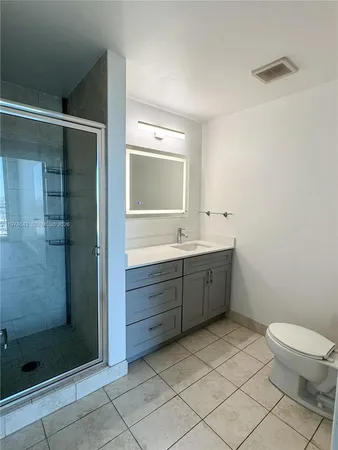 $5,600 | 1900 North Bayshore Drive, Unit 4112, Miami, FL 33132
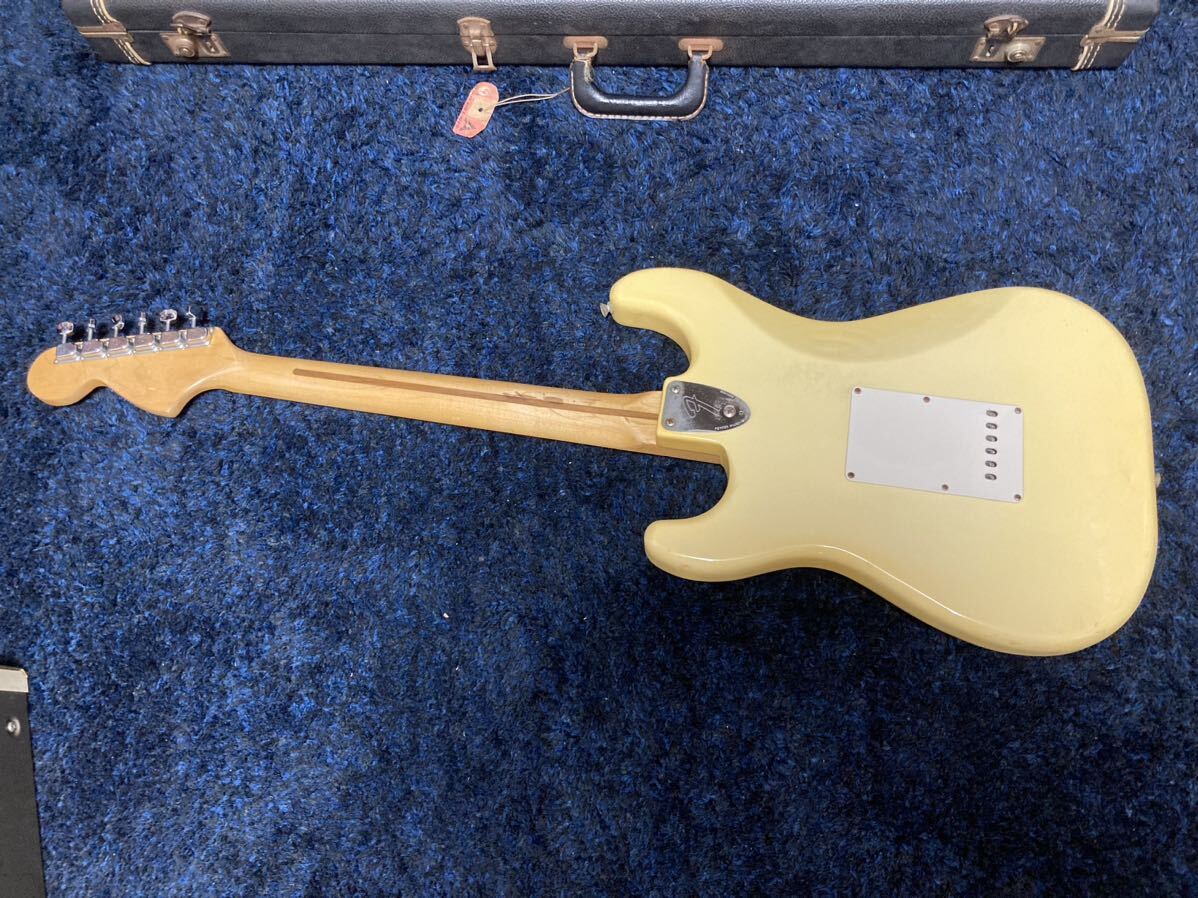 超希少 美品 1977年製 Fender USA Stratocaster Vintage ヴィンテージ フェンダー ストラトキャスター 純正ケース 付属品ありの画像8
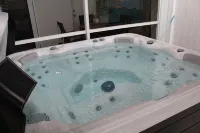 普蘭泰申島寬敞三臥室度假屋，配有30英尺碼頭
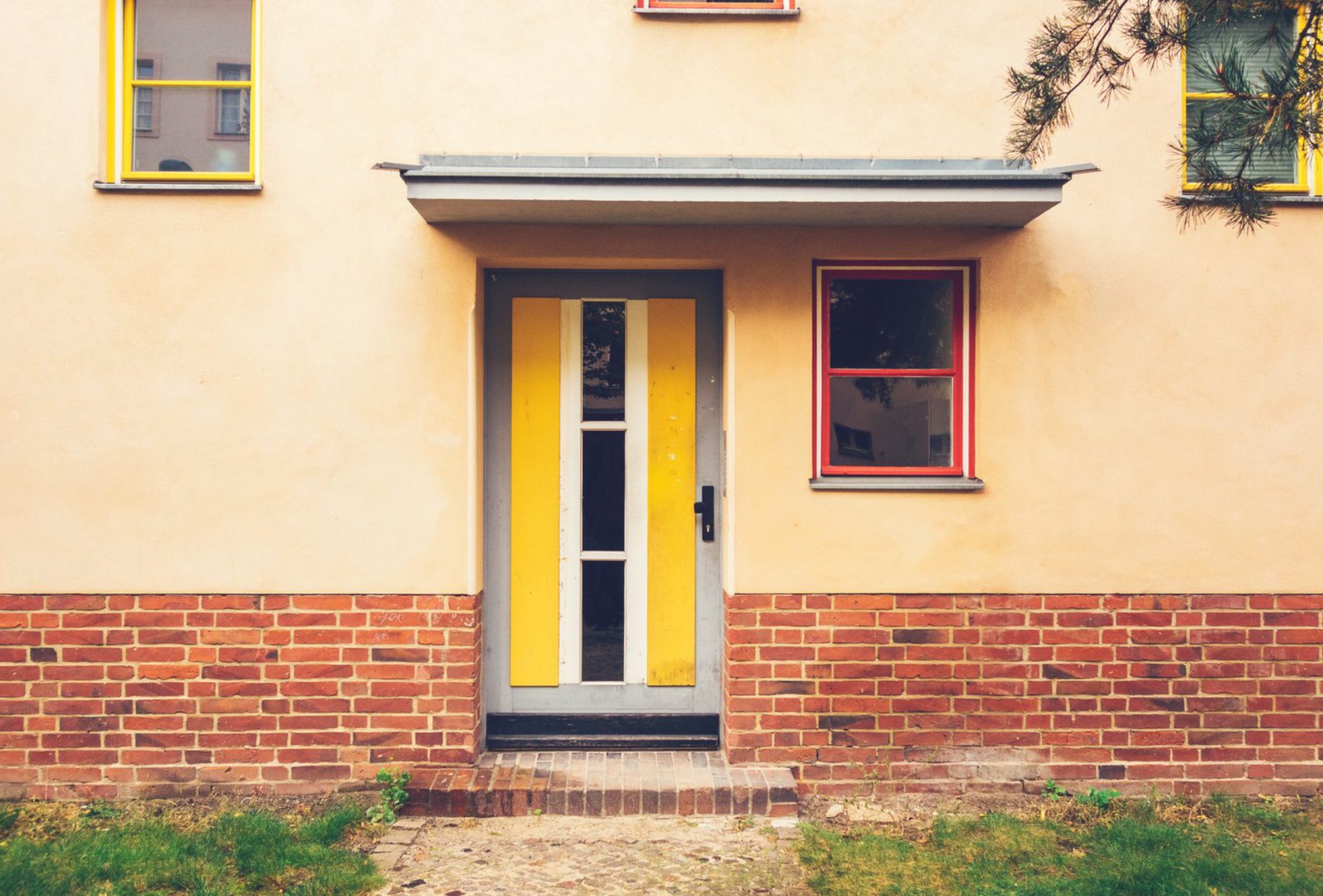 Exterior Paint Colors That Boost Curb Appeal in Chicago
* * *
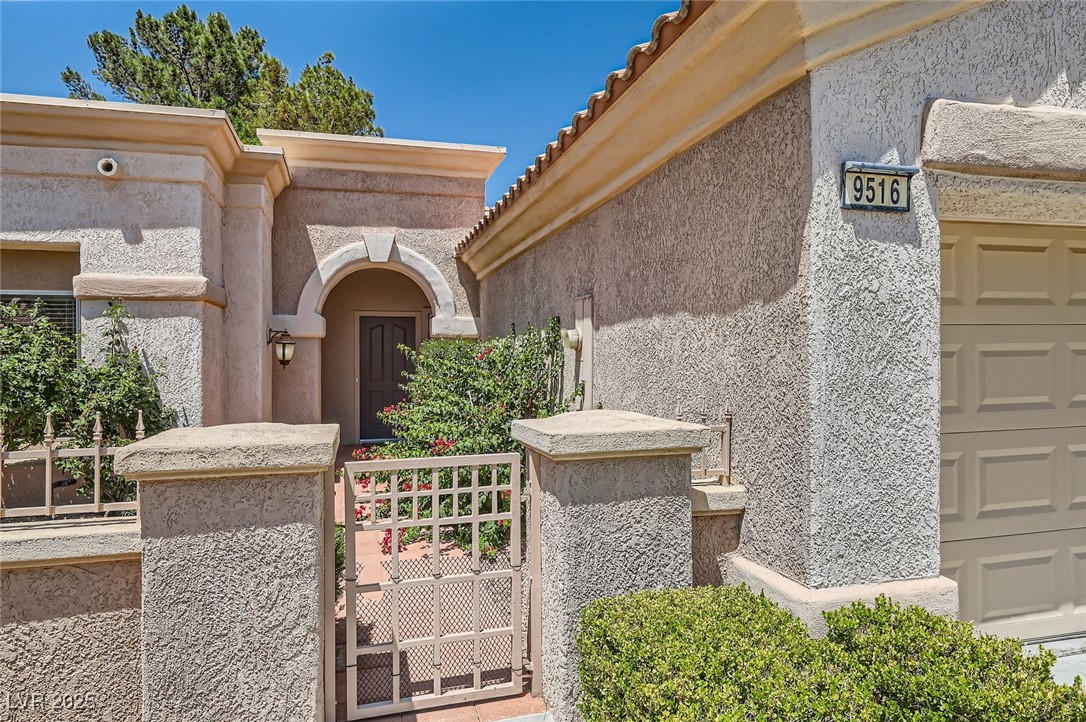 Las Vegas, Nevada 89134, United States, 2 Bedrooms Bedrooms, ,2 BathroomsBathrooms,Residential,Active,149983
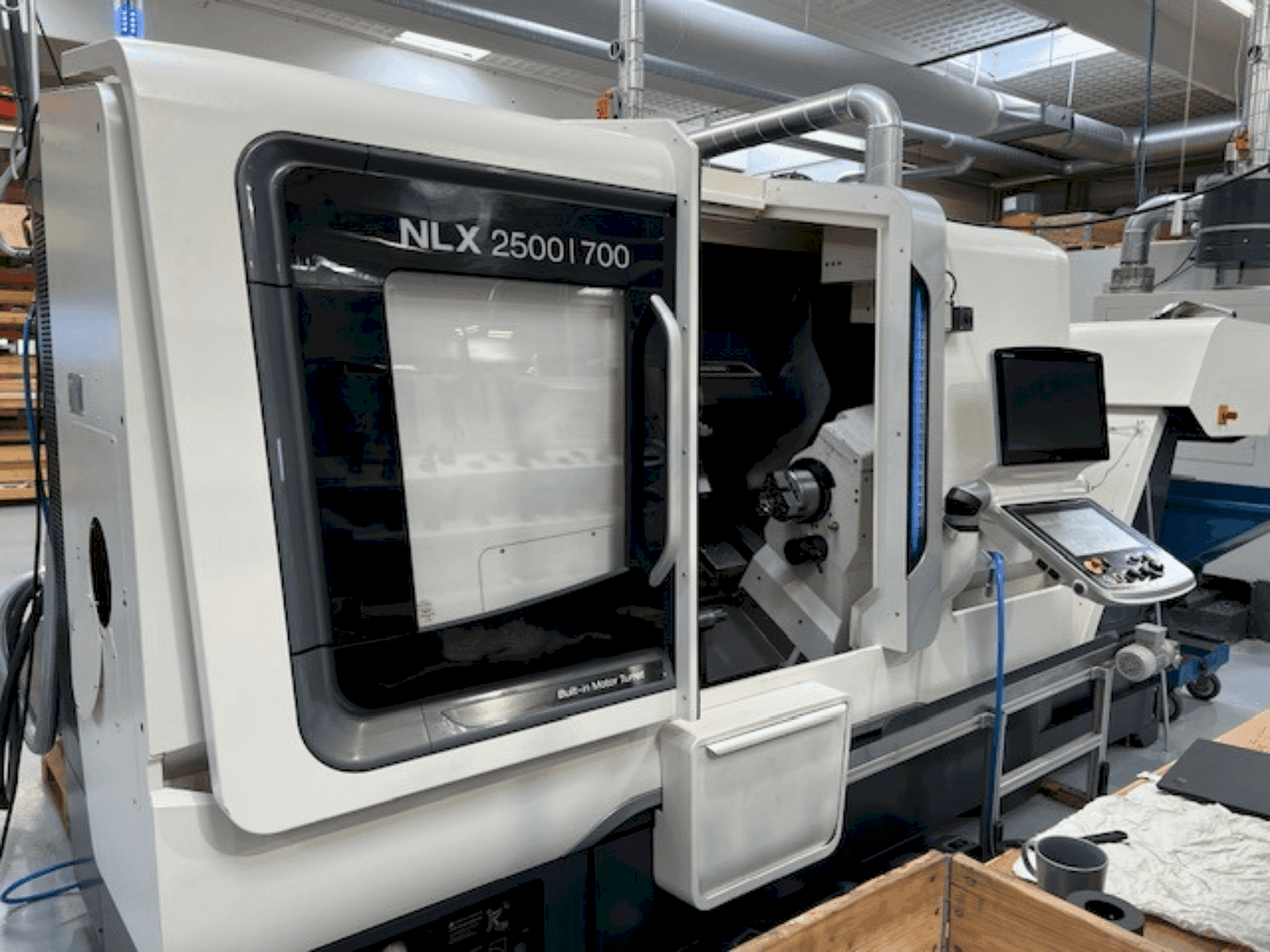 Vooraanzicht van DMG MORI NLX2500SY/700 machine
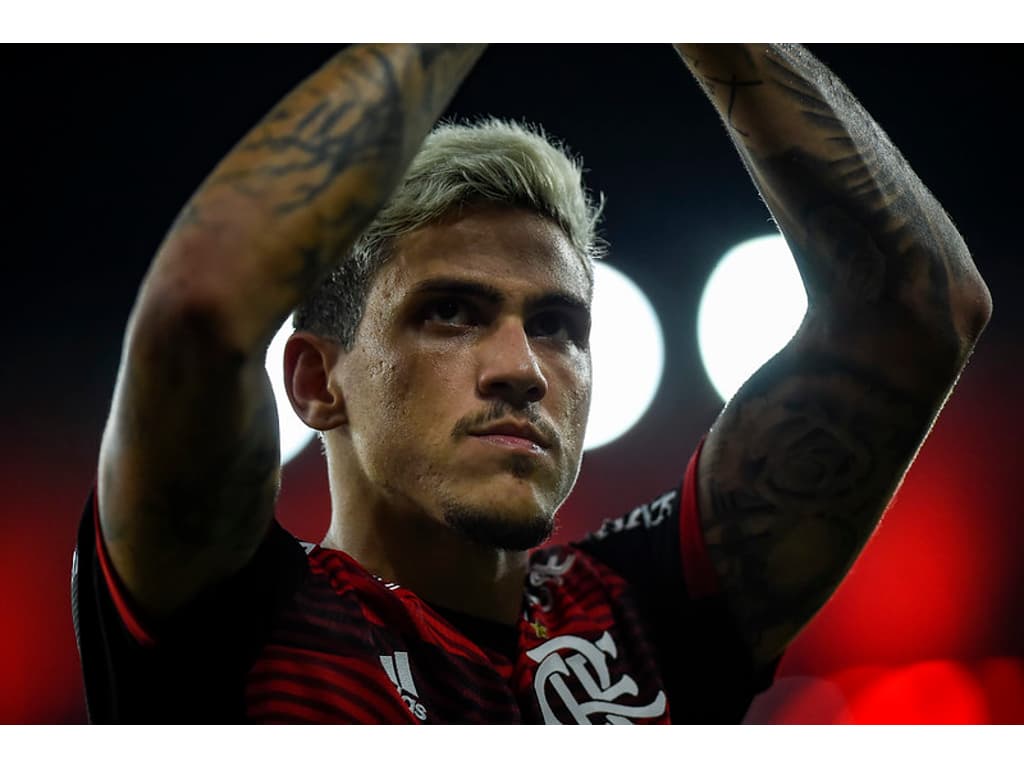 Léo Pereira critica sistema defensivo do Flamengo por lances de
==
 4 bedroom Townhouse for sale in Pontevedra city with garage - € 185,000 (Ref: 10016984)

Task to complete
Would you output only the span of the records above that opens with the line containing "Miami, FL 33132" and closes with the line containing "Exterior Paint Colors", ends included and pictures dropped?

Reply to the exercise
 $5,600 | 1900 North Bayshore Drive, Unit 4112, Miami, FL 33132
 超希少 美品 1977年製 Fender USA Stratocaster Vintage ヴィンテージ フェンダー ストラトキャスター 純正ケース 付属品ありの画像8
 普蘭泰申島寬敞三臥室度假屋，配有30英尺碼頭
 Exterior Paint Colors That Boost Curb Appeal in Chicago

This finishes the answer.